Per enumerare i batteriofagi tramite la reazione a catena della polimerasi quantitativa, qPCR, ottenere un cocktail di reazione qPCR contenente Taq DNA polimerasi, primer, deossinucleotide trifosfati - dNTP - e molecole di colorante reporter fluorescente in un tampone ottimizzato. Trasferire nei pozzetti di una piastra qPCR.
Aggiungere batteriofagi trattati termicamente. Il trattamento termico rilascia il DNA dei batteriofagi dalle particelle dei batteriofagi. Sigillare la piastra, impedendo l'evaporazione della miscela. Caricare la piastra nel sistema qPCR, impostando le condizioni di ciclo appropriate.
Il riscaldamento ad alte temperature denatura il DNA a doppio filamento in singoli filamenti. Attiva anche la Taq DNA polimerasi.
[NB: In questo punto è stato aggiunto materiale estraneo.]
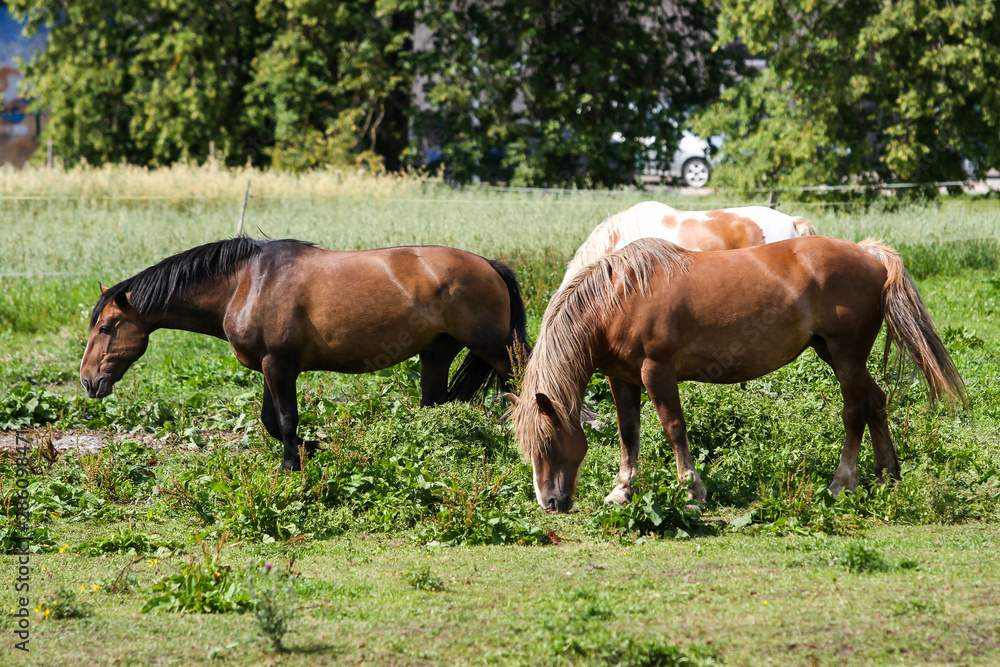 Beautiful Latvia countryside view of a small horse animal farm in a deep countryside small city. Beautiful Latvia countryside view of a small horse animal farm in a deep countryside small city.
La ricottura fa sì che i primer sequenza-specifici si leghino ai filamenti di DNA dei batteriofagi complementari. L'estensione consente alla Taq DNA polimerasi attivata di aggiungere dNTP all'estremità 3' del primer, estendendo il filamento di DNA in crescita nella direzione da 5' a 3'
.
Le molecole di colorante si intercalano nel DNA a doppio filamento appena sintetizzato, causando un aumento dell'intensità della fluorescenza. Ogni ciclo di PCR raddoppia la quantità di DNA target, aumentando l'intensità della fluorescenza.
Determinare il valore del ciclo di soglia, Ct, al quale la fluorescenza misurata supera il livello di fondo.
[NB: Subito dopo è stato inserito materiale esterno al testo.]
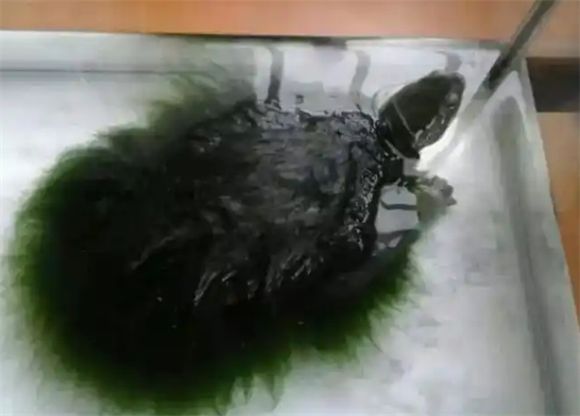 如何培养一只绿毛龟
Il valore Ct è inversamente correlato alla quantità di DNA iniziale, con ogni genoma del batteriofago equivalente a una particella di batteriofago, facilitando la quantificazione del batteriofago dalla curva standard del DNA del batteriofago.
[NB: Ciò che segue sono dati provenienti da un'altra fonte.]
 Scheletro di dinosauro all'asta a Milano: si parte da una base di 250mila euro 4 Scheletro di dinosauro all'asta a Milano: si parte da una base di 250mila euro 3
Post-amplificazione, eseguire l'analisi della curva di fusione, aumentando gradualmente la temperatura di reazione. A una specifica temperatura di fusione, metà del DNA si separa in singoli filamenti, rilasciando molecole di colorante e causando un'improvvisa diminuzione della fluorescenza.
Una temperatura di fusione distinta, unica per il prodotto qPCR, convalida la specificità del prodotto.